Affective priming, also called affect priming, is a type of response priming and was first proposed by Russell H. Fazio. This type of priming entails the evaluation of people, ideas, objects, goods, etc., not only based on the physical features of those things, but also on affective context. The affective context may come from previous life experiences, and therefore, primes may arouse emotions rather than ideas. Most research and concepts about affective priming derive from the affective priming paradigm, which looks to make judgments of neutral affective targets following positive, neutral, or negative primes. A prominent derivation of affective priming paradigm is the Affect Misattribution Procedure (AMP), developed by Payne, Cheng, Govorun, and Stewart. The main idea of AMP is to measure implicit attitudes, therefore, if the evaluation of the prime stimuli of an object is positive, it is said that the person has a positive attitude toward the object exposed.

== Affective priming paradigm ==
The intent of this affective priming paradigm had initially the intent of eliminating the bias created by affective priming research self-reports. As a consequence, Fazio created the affective priming paradigm, which focuses on the evaluation of automatic stimuli. One finding of studies that use this paradigm says that "performance is typically faster and more accurate when a prime and target are congruent and have the same emotional information (e.g., "flower"–"wedding") compared with when they are incongruent and have different emotional information (e.g., "party' –"corpse")."

== Affective automatic response ==
Affective priming has been long said to be related to implicit attitudes . Some research suggests that affective priming is triggered by multiple, simultaneous mechanisms. Added to this, it has found that deeper processing of the target being evaluated can significantly hinder the influence of the prime. On the other hand, deeper processing prime significantly increases the prime's influence and it is retrieved more easily in subsequent occasions.

There is still a great need of research related to affective priming and automatic processing. Some arguments in favor of a strong relationship between the two argue that these affective priming processes 1) lack intentionality, 2) are highly efficient, 3) have reduced controllability, 4) are triggered at a high speed, especially when there is a motivationally relevant stimulus, and 5) there is reduced awareness of the origin, meaning, and occurrence of the response.

Seib-Pfeifer and Gibbons have suggested that affective priming processing is linked to the right central-to-parieto-occipital positive slow wave (PSW).

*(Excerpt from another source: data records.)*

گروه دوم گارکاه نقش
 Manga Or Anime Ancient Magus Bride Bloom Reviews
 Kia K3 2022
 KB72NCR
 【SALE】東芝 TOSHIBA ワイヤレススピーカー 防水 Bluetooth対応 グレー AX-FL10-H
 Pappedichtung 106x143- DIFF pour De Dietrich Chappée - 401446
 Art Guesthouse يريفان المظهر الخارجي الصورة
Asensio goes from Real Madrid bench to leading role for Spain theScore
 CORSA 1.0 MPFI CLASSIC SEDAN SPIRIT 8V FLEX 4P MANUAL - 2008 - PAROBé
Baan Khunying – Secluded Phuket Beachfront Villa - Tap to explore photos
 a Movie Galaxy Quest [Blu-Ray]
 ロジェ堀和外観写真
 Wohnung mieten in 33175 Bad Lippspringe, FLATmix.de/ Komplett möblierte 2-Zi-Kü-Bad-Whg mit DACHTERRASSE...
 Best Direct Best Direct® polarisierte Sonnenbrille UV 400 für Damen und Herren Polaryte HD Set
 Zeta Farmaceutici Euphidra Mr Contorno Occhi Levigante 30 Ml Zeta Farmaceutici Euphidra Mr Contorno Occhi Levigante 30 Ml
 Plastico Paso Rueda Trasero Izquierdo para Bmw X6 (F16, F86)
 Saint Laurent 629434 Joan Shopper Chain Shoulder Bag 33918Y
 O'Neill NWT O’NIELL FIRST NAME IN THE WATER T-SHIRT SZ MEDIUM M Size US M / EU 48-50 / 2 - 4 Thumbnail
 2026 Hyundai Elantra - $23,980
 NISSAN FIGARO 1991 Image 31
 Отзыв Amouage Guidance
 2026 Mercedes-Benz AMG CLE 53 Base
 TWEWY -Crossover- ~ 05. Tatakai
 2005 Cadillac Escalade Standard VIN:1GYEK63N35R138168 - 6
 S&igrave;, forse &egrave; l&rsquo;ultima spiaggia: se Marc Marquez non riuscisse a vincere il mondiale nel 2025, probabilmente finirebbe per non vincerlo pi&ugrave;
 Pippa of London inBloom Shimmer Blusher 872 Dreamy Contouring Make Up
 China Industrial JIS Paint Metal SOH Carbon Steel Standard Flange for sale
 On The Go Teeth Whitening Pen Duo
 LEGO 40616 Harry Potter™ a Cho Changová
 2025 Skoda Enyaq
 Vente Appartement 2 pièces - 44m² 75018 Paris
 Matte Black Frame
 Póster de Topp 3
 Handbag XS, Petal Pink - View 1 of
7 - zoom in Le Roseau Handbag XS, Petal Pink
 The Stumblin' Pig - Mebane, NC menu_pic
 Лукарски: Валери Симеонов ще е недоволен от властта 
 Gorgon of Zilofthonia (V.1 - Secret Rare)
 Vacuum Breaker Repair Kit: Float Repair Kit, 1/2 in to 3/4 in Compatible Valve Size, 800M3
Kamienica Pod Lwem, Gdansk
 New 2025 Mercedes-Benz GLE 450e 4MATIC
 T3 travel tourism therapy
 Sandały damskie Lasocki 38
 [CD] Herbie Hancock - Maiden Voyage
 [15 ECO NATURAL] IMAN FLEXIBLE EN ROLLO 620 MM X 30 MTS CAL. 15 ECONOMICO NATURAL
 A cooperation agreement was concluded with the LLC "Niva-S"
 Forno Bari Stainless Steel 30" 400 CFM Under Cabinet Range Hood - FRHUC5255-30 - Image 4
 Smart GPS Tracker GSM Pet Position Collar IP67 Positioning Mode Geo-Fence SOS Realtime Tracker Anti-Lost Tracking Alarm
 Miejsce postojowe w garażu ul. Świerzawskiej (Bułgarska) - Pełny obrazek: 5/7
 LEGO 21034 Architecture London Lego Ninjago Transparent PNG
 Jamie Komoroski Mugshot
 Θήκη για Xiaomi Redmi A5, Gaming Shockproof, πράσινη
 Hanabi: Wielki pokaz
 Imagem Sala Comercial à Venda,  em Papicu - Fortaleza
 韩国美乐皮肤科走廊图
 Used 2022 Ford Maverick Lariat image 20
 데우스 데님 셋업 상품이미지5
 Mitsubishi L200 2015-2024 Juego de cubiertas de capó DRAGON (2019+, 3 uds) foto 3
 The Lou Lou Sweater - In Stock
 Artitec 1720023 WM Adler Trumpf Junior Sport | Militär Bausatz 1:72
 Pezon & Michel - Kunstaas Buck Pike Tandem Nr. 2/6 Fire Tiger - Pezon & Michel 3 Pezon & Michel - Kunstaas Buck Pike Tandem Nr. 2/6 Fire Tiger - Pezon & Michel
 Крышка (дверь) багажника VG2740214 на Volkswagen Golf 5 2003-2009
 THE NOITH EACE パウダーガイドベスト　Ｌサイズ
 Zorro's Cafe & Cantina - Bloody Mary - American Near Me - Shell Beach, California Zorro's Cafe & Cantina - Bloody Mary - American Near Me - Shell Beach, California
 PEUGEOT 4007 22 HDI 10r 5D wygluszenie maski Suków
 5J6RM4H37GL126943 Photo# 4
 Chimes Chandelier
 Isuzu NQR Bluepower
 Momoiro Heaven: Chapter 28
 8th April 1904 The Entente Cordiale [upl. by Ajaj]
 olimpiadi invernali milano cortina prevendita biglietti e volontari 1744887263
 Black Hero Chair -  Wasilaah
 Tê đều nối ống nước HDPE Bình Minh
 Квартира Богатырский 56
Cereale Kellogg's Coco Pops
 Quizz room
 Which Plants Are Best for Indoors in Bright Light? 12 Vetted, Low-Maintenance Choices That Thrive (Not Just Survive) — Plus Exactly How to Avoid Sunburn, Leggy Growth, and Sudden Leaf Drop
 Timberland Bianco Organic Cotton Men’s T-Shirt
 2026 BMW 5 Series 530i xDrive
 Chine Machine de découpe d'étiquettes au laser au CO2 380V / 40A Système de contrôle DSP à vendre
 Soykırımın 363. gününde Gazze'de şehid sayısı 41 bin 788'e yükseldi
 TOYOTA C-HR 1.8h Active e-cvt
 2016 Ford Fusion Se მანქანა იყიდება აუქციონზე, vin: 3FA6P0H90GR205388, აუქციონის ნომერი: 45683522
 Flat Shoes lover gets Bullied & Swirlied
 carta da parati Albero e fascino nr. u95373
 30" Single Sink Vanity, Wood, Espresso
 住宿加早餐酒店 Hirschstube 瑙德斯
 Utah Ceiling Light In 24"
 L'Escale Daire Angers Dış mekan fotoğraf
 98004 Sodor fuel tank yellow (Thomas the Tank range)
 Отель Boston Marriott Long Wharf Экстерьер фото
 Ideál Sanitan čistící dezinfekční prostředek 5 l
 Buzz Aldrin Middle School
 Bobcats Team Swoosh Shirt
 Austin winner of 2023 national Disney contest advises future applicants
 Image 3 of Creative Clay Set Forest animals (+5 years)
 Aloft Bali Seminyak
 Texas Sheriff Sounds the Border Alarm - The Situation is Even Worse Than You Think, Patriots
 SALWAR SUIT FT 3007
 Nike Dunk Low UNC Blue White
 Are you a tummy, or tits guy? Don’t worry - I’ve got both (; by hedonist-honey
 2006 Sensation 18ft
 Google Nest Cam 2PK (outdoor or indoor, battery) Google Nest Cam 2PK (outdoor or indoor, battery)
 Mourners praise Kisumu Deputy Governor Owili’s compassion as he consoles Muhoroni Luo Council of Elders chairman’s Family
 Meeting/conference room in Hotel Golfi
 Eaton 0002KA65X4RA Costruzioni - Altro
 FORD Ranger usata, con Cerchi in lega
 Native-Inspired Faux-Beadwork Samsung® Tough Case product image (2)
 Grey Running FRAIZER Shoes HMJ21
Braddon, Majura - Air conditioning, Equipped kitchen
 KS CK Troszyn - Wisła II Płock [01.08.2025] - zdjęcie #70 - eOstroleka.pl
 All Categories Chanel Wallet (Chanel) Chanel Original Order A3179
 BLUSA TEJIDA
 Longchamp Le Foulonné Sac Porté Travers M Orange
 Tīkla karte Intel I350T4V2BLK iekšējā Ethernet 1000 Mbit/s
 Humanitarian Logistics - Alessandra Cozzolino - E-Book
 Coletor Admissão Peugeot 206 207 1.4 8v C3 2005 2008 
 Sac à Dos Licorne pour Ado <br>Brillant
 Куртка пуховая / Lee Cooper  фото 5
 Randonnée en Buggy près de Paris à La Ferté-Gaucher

Other factors that contribute to this relationship between affective priming and automatic processing include switching tasks, salience asymmetry, and potentially strategic recoding.

== Valence vs arousal ==
There is much discussion in the world of psychology about the effects of valence and arousal in affect priming, since they both seem to affect it, but there has been little research on which of the two has a greater effect on this type of priming. For example, one study by Yao, Shu, and Luo asserts that valence has a greater effect, based on their findings regarding the stability of valence-driven priming effects against arousal-driven effects and their information in the semantic system.